I could address these fairly straightforwardly, but I will hold off
for a bit to see what you come up with.

> > > I have patches to address that by removing the source
> > > of the lock contention completely, and not just for the sys_sync
> > > trigger. Those patches make the problems with concurrent
> > > sys_sync operation go away completely for me, not to mention improve
> > > performance for 8+ thread metadata workloads on XFS significantly.
> > > 
> > > IOWs, I don't see that concurrent sys_sync operation is a problem at
> > > all, and it is actively desirable for systems that have multiple
> > > busy filesystems as it allows concurrent dispatch of IO across those
> > > multiple filesystems.
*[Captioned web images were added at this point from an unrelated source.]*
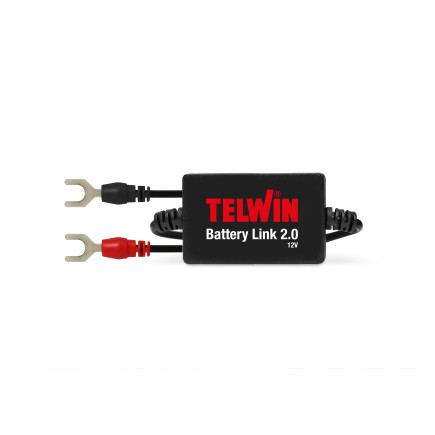 Прибор для мониторинга и управления аккумулятором Battery Link 2,0 Telwin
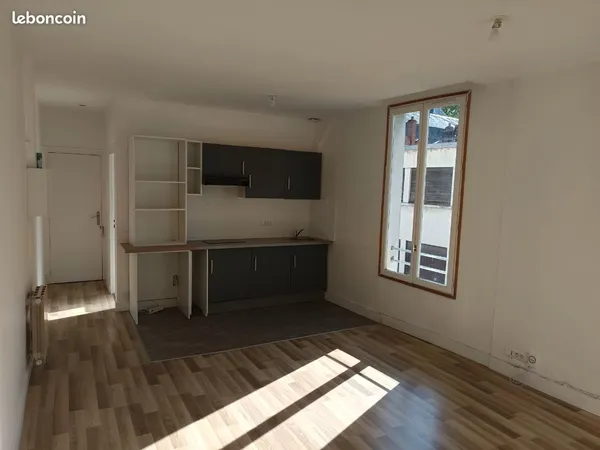 Appartement 50m2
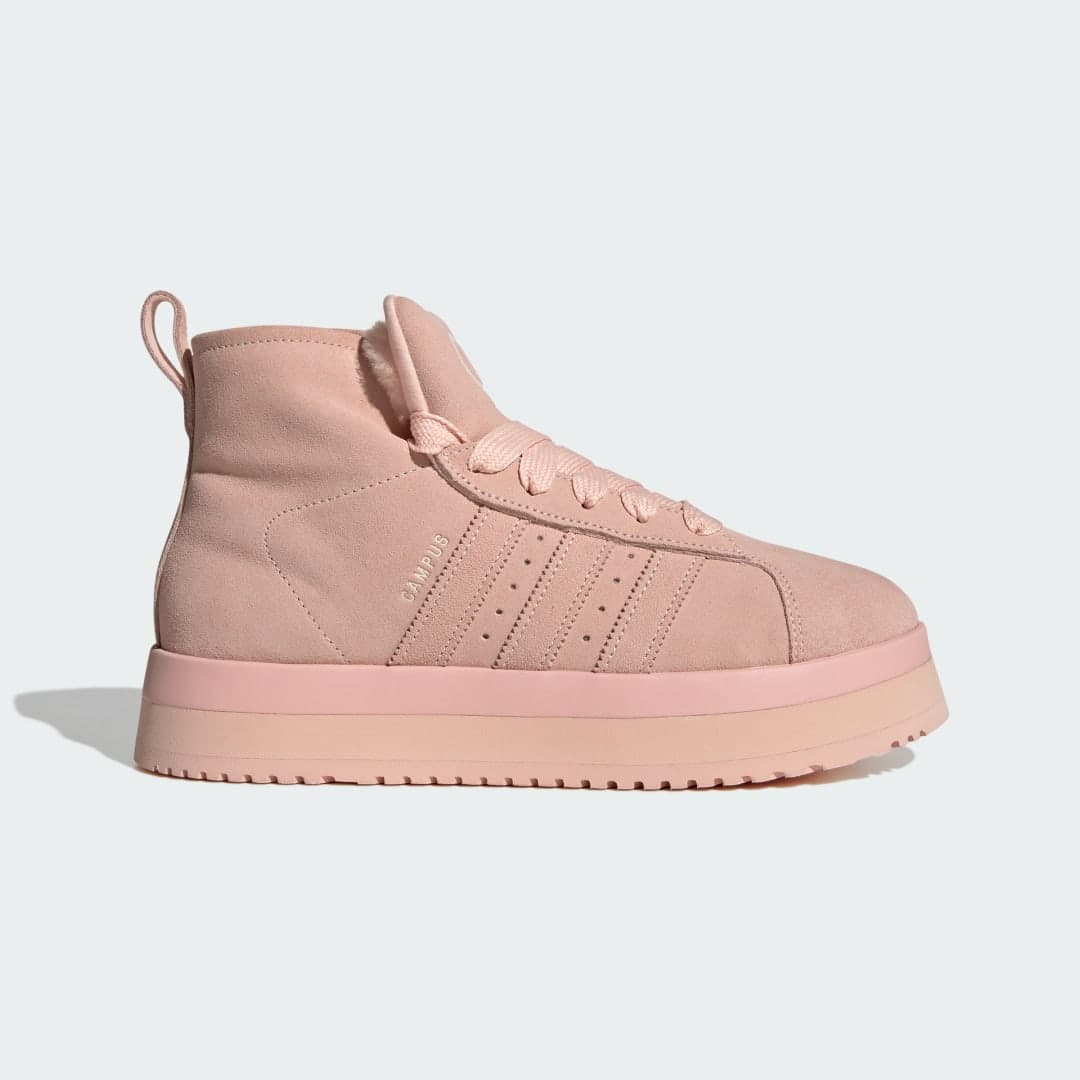 Adidas Campus 00s Winter Mid Sko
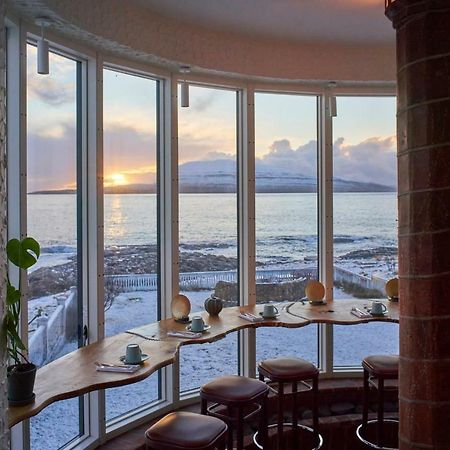 Havgrim Seaside Hotel 1948 Tórshavn Kültér fotó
Serialising all sys_sync work might stop the
> > > contention problems, but it will also slow down concurrent sync
> > > operations on busy systems as it only allows one thread to dispatch
> > > and wait for IO at a time.
> > > 
> > > So, let's not slap a bandaid over a symptom - let's address the
> > > cause of the lock contention properly....
> > 
> > Hmmm...
> > 
> > Could you please send your patches over to Dave Jones right now?  I am
> > getting quite tired of getting RCU CPU stall warning complaints from
> > him that turn out to be due to highly contended sync() system calls.
> 
> Then ignore them until the code is ready - it'll be 3.12 before the
> fixes are merged, anyway, because the lock contention fix requires
> infrastructure that is currently in mmotm that is queued for 3.12
> (i.e. the per-node list infrastructure) to fix a whole bunch of
> other, more critical VFS lock contention problems. Seeing as a new
> mmotm went out last week, I should have the patches ready for review
> early next week.
> 
> FWIW, we (as in XFS filesystem testers) regularly run tests that
> have hundreds of concurrent sys_sync() calls running at the same
> time. e.g. xfstests::xfs/297 runs a 1000 fsstress processes while
> freezing and unfreezing the filesystem, and that usually shows
> hundreds of threads running sys_sync concurrently after a short
> amount of runtime. So it's pretty clear that what Dave is seeing
> is not necessarily representative of what happens when there ar lots
> of sys_sync() calls run concurrently.

So Dave might be finding an additional problem.  ;-)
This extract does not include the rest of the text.